## BRIEF
Only the lines from the one containing "HAMMONDS MILL - Residential" through the end of the entries are wanted, retyped exactly and without pictures.

(Captioned web images)
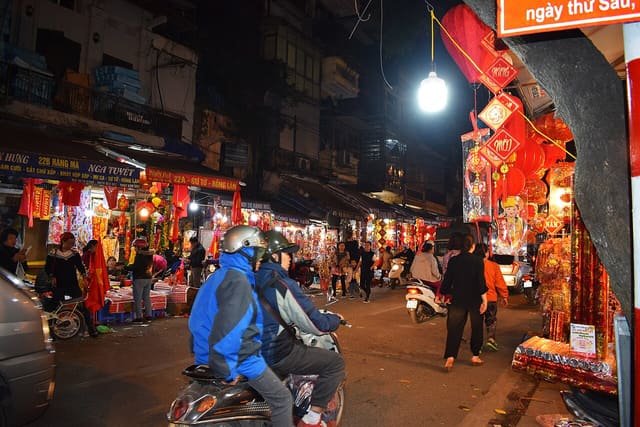 An Old Quarter street at night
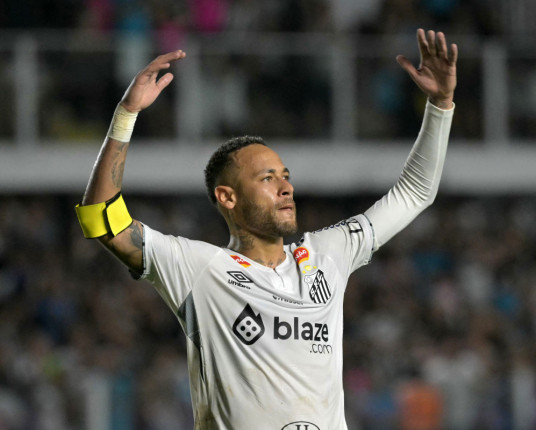 Neymar se reapresenta e inicia possível último ciclo no Santos antes de fim do contrato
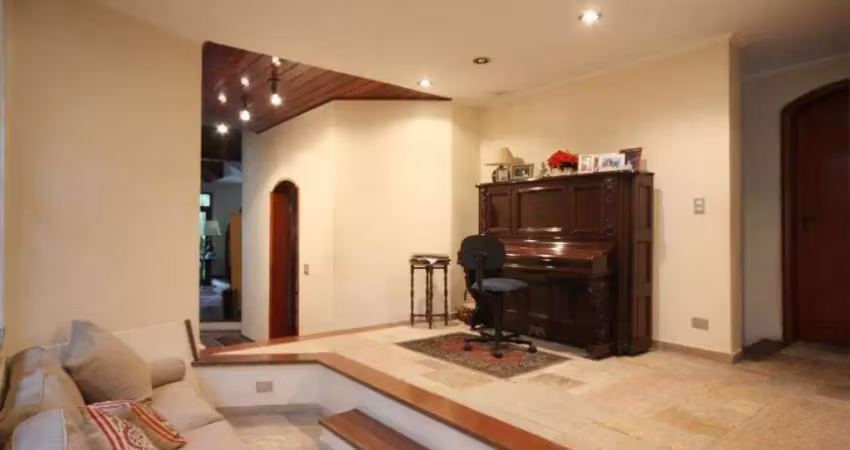 Casa com 4 quartos à venda na Rua Natingui, --, Vila Madalena, São Paulo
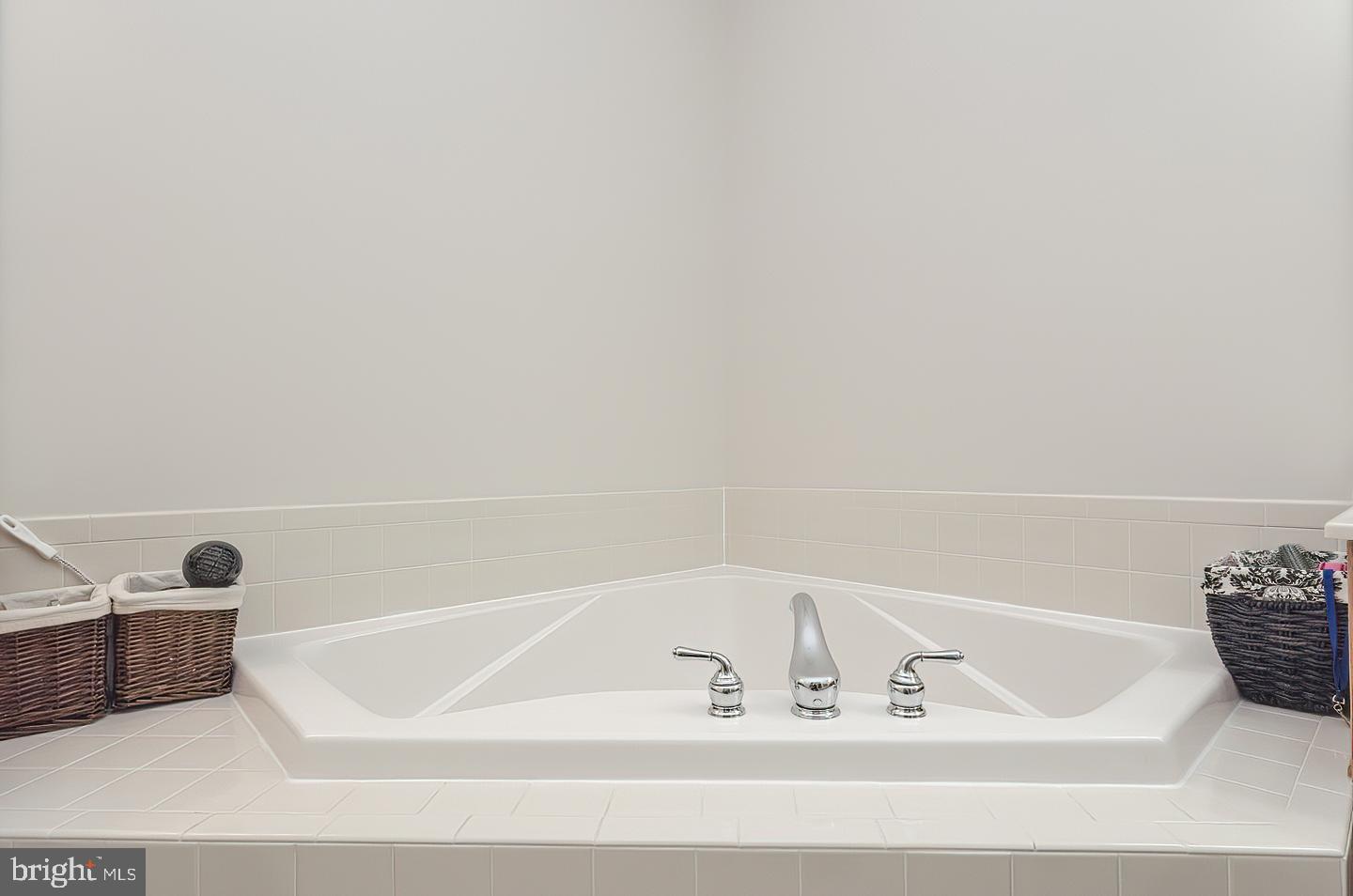 HAMMONDS MILL - Residential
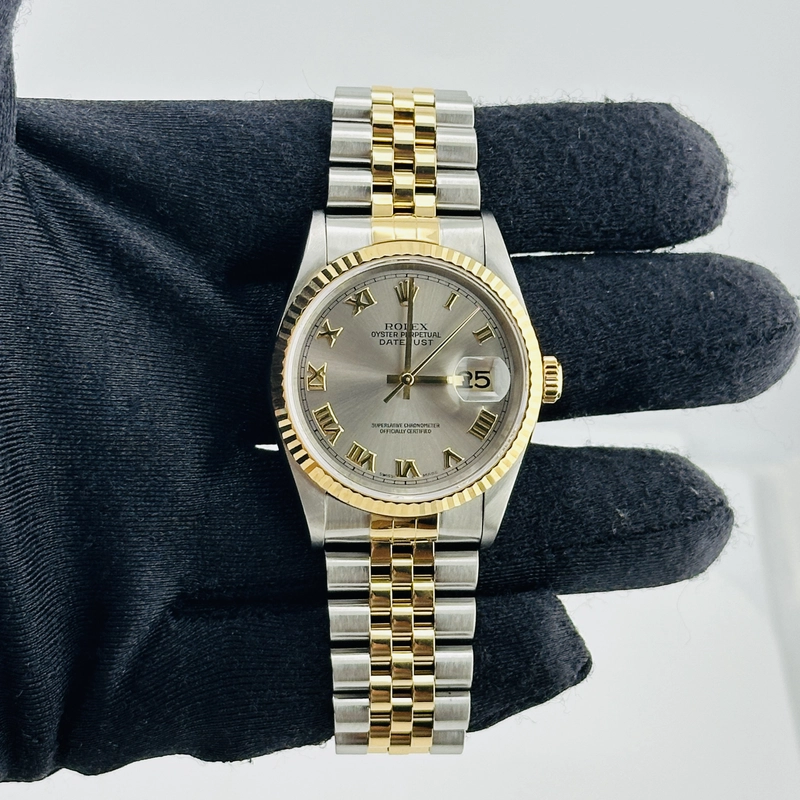 Rolex Datejust Silver Roman Dial on D Link Jubilee Bracelet Ref. 16233 1996 view 2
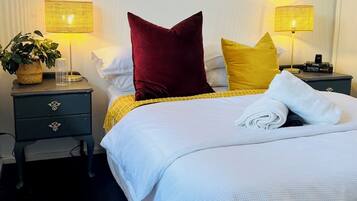 5 bedrooms, iron/ironing board, free WiFi, bed sheets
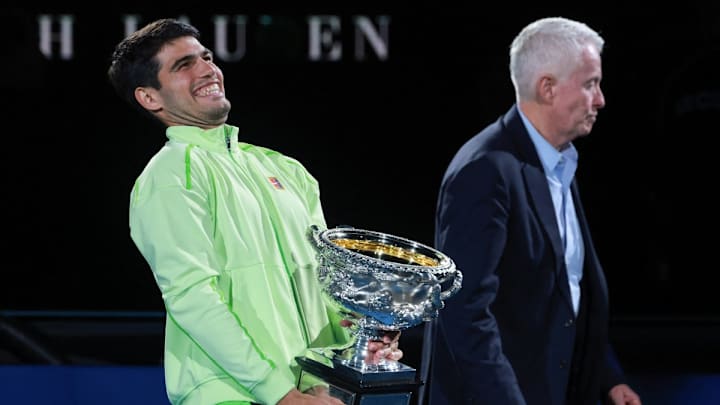 Carlos Alcaraz celebra el título del Abierto de Australia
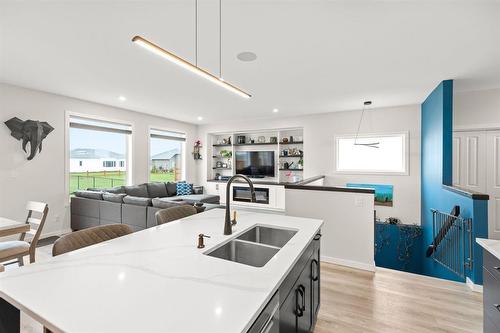 640 Brule Way, Ritchot Rm, MB - Indoor Photo Showing Kitchen With Double Sink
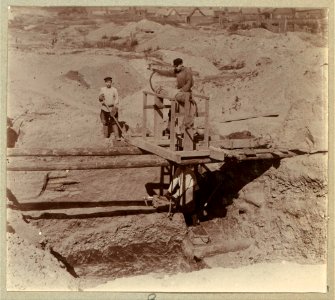 PG - Recovery of gold-bearing sand near Berezovsky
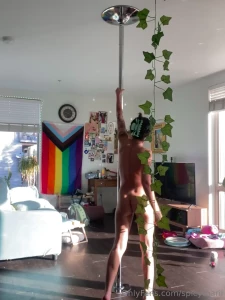 Mari is a dancer now 333 would u like to see videos of my like this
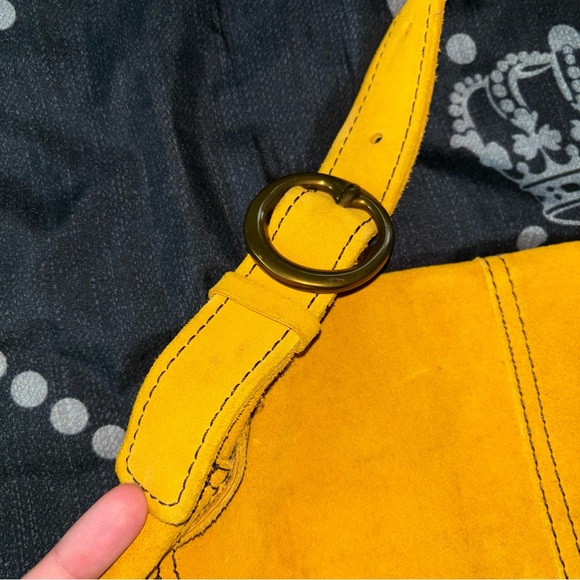 Lucky Brand Vintage Shoulder Bag in Mustard - Picture 5 of 7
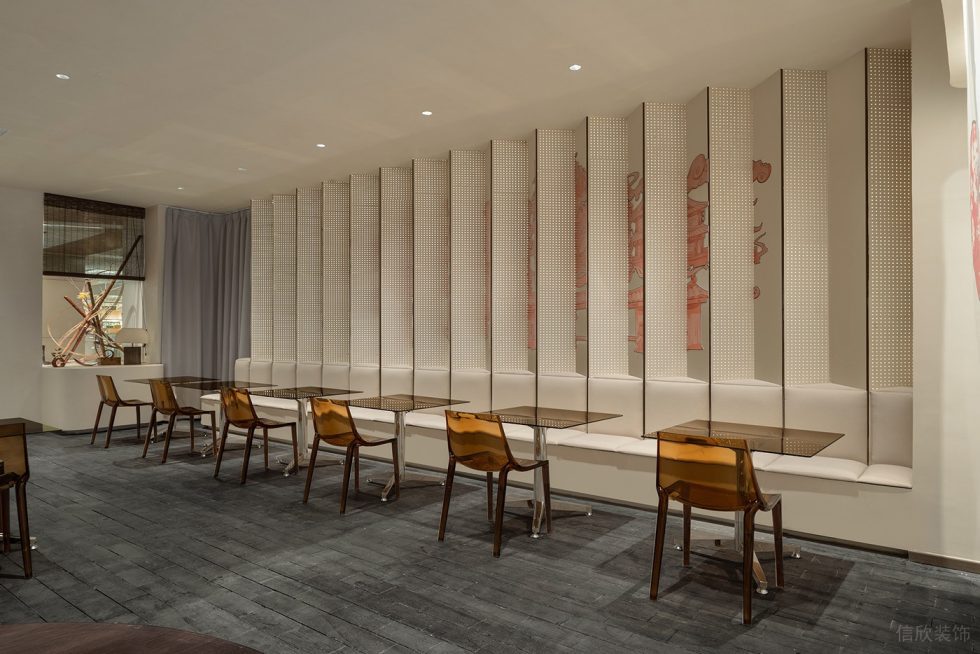 素雅白色甜品店黑色地磚裝修設(shè)計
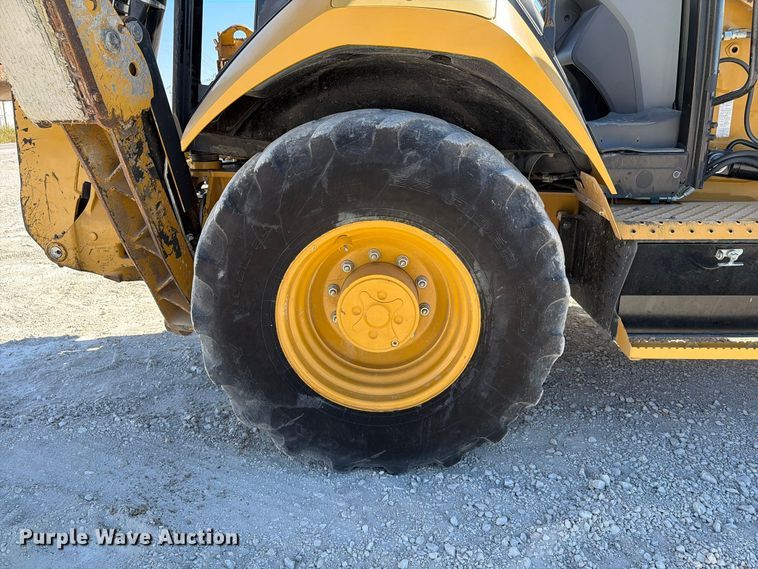 image for item DU1578 2022 Caterpillar 420 XE backhoe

## WRITTEN REPLY
 HAMMONDS MILL - Residential
 Rolex Datejust Silver Roman Dial on D Link Jubilee Bracelet Ref. 16233 1996 view 2
 5 bedrooms, iron/ironing board, free WiFi, bed sheets
 Carlos Alcaraz celebra el título del Abierto de Australia
 640 Brule Way, Ritchot Rm, MB - Indoor Photo Showing Kitchen With Double Sink
 PG - Recovery of gold-bearing sand near Berezovsky
 Mari is a dancer now 333 would u like to see videos of my like this
 Lucky Brand Vintage Shoulder Bag in Mustard - Picture 5 of 7
 素雅白色甜品店黑色地磚裝修設(shè)計
 image for item DU1578 2022 Caterpillar 420 XE backhoe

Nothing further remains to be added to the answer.